At one of a series of town hall meetings for University staff, compensation and benefits director Hugh Penney was hard-pressed to finish his PowerPoint presentation on Tuesday morning.
No sooner had Penney explained a slide on Yale’s new sick day policy — which will cut the number of new sick days staff receive each year from 12 to six — or the phasing out of bonus vacation days for long-time staff, than a thicket of raised hands sprung from the crowd of about 45 managerial and professional employees in Luce Hall Auditorium.
One staff member asked whether Yale’s benefits package is still better than those of other Ivy League schools. (It is, Penney said). Another pointed out that many staff members use sick days to care for sick children, and not necessarily for their own illnesses. Many whispered to each other and took notes as they listened to Penney’s presentation.
Tuesday’s session was one of a series of talks hosted by the University to answer questions and provide employees with more information on recent changes in managerial and professional benefits packages, which cut paid time off, vacation days and vacation bonuses, as well as adding short-term disability coverage.
The most emphatic comment at the meeting came from a woman sitting near the front of the auditorium.
“The unions have fought very hard,” she said, referring to Yale’s clerical, technical, service and maintenance employee unions, which last year negotiated a new pay structure and benefits package with the University administration. “But we [managerial and professional employees] had no input into these changes.”
Though unionized workers were able to voice their concerns in that negotiation, she explained, managerial and professional staff, who are not unionized, only learned of their pay and benefits changes when they read the budget memo released Feb. 3.
The woman suggested that managerial and professional staff form a group to take their concerns to administrators. She pressed both hands to her chest, then gestured at Penney in appeal.
“Everyone knows the economy’s bad, but we love Yale, too!” she said.
The woman’s comments were met with a burst of applause from many of the other employees in the audience, who ranged in age from young recent hires to senior staff approaching retirement age. (Though the woman interrupted Penney several times later in the meeting, support for her waned as the presentation continued, with several members of the audience shaking their heads each time she raised her hand.)
Penney responded that many areas of the University, including staff, have had to sacrifice to help balance Yale’s budget. The benefits adjustments, for example, will result in significant savings for Yale, he said. When staff leave or retire, Yale must pay for their replacements, as well as the value of their unused paid time-off days in cash. Currently, Yale employees collectively have a total of approximately 500 years of unused days off in the “bank,” worth about $40 million, he said. But when the new cap is put into effect in the next fiscal year, it will limit the number of days for which Yale will have to reimburse employees.

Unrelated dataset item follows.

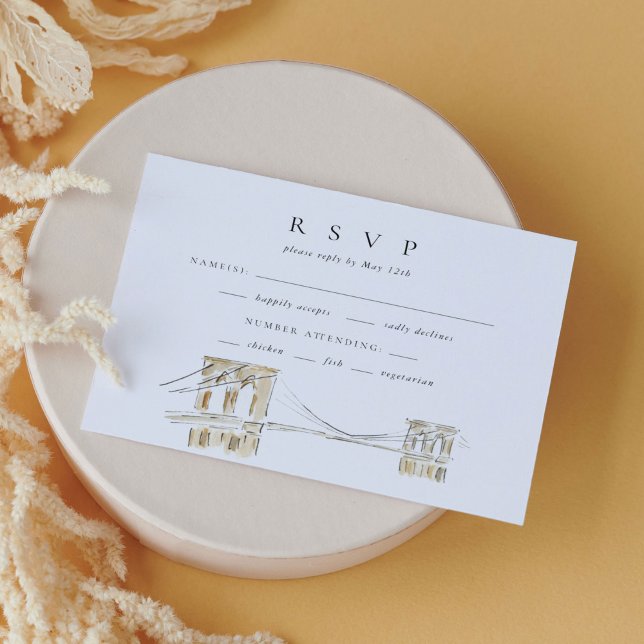 Watercolor Brooklyn Bridge New York Wedding RSVP (Creator Uploaded)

Penney added that administrators would consider seeking input from staff on benefits issues in the future.
“I’ll take that back [to them],” he said.
Penney told the audience that human resources administrators are setting up a way for staff to telecommute from home on some days and rolling out “voluntary layoff” buyout packages for staff who choose to leave or retire early as departments eliminate positions this spring.

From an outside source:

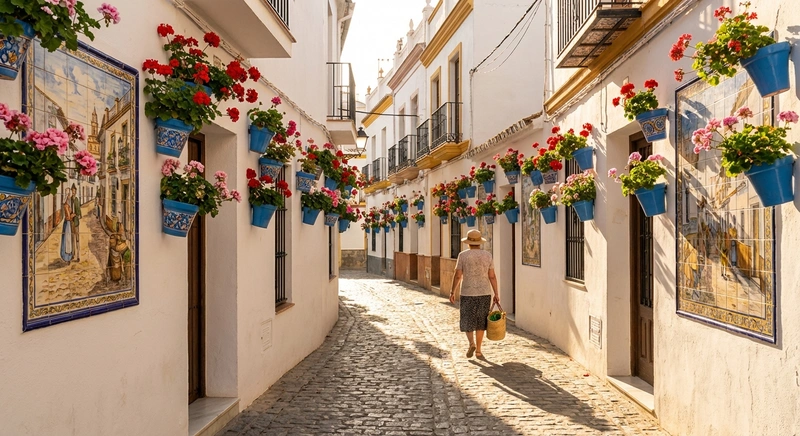 Estepona old town with flower-lined streets and murals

Penney next drew attention to the advantages of the new short-term disability plan. The plan can now be used to supplement maternity leave and protect staff members who have multiple disabilities or illnesses in a year and have already used all of their paid time-off days, he told the audience. Short-term disability coverage will allow staff who fall seriously ill or suffer a disability to receive full salary and benefits for six weeks, and 60 percent of their compensation for up to 26 weeks.
“I could care less about the short-term disability plan,” another audience member said, adding that it seemed “unfair” for the University to cut nearly all aspects of the benefits package in return for adding short-term disability coverage.

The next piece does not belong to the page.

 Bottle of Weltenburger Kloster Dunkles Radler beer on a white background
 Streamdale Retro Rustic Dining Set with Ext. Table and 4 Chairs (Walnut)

Another man nearby questioned why the plan would force staff with short-term disabilities or illnesses to give up all their accumulated vacation days before taking disability pay, which he said is unfair to employees who have accrued a large number of sick days.
“There will always be winners and losers wherever you put the line down,” Penney answered.
Despite Penney’s reassurances, one senior manager raised his hand and said resentment toward the new changes has begun to grow among many of the staff members in his office. Though the University is in financial trouble, the employee said, he and others think managerial and professional staff were especially hard hit. People might be reluctant to take jobs at Yale now, he said.
“I think that’s why a lot of people like to work at Yale,” a woman called out in agreement. “The salary isn’t that good, but the benefits are good. Now, what’ll happen?”
Until the benefits changes were announced Feb. 3, Yale was the only Ivy League school that did not offer short-term disability coverage to employees.